Слова, слетающие с губ Пакса — это не те слова, которые я когда-либо думала, что услышу от него. В чем он вообще здесь признается? Я качаю головой, прерывая поток вопросов.
— Подожди. Ты хочешь сказать, что хочешь большего… от меня? Со мной?
За все время, что мы целовались, трахались и дрались, как кошка с собакой, он никогда не смотрел на меня так, как сейчас. Как будто он позволяет мне увидеть его в первый раз. Показывает мне себя. Открывает трещину в непроницаемой стене — ровно настолько, чтобы я могла заглянуть за нее на человека по другую сторону.
— Да, — говорит он. — И то, и другое. Я хочу спорить с тобой и злиться на тебя. Хочу закончить нашу гребаную книгу вместе, и хочу ссориться с тобой из-за этого. А потом хочу мириться. И обнимать тебя. Защищать тебя. Я хочу чувствовать твою голову на своей груди каждую ночь, когда мы засыпаем. И из-за этого разрываюсь изнутри. Я не должен хотеть ничего из этого. Я, блядь, не знаю, как справиться с этими желаниями. Но… хочешь ли ты чего-нибудь из этого? Если сложу свое оружие, как думаешь, ты сможешь сложить свое? — Он вскидывает руки в воздух. — Черт, Чейз. Я понятия не имею, что говорю. Мне следует опуститься на одно колено или что-то в этом роде? Написать официальное письмо-приглашение? Какой-то документ с отрывной частью внизу… — Он вскакивает на ноги. — Это очень выматывает. Почему, черт возьми, все всегда так стремятся заниматься этим дерьмом? Это чертов кошмар.

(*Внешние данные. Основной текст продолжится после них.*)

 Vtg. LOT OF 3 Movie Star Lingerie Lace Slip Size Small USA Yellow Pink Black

Сцепив руки за головой, он обхватывает затылок и начинает расхаживать взад-вперед у изножья кровати. Бедняга выглядит так, словно у него вот-вот случится нервный срыв.

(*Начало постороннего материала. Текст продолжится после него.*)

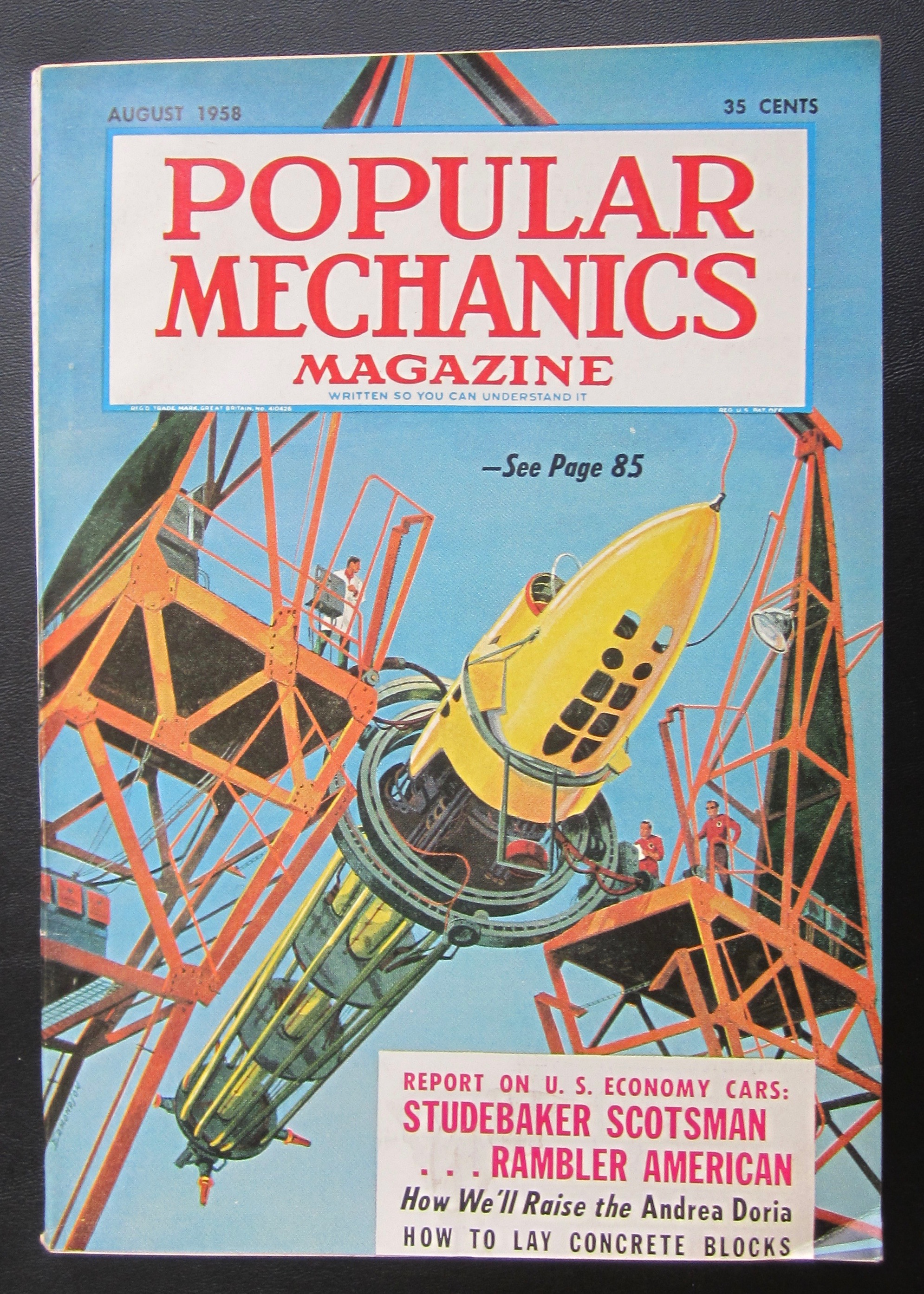 Popular Mechanics-August 1958-How To Raise Andrea Doria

— Ну? Ты ничего не собираешься сказать? — Парень быстро смотрит на меня краем глаза, затем снова быстро отводит взгляд, как будто поддерживать зрительный контакт — это слишком.

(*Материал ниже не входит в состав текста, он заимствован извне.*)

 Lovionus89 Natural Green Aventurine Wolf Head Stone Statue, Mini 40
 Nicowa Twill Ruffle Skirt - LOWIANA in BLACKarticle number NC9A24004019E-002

Стена снова воздвигнута; одному Господу известно, когда он снова расколет ее для меня. Мне, вероятно, понадобится крюк, чтобы взобраться на эту чертову штуку, если я не воспользуюсь этой возможностью и быстро. Я тянусь к нему, хватая его за запястье в следующий раз, когда он проходит мимо меня. Пакс останавливается, челюсть напряжена, глаза сверкают, грудь поднимается и опускается.
— Мне действительно хочется всего этого. И я вооружилась в первую очередь только потому, что ты такой чертов… ты.
— Что это должно значить?
Я издаю задыхающийся смех.
— Злой. Ужасающий. Недоступный. Взрывоопасный.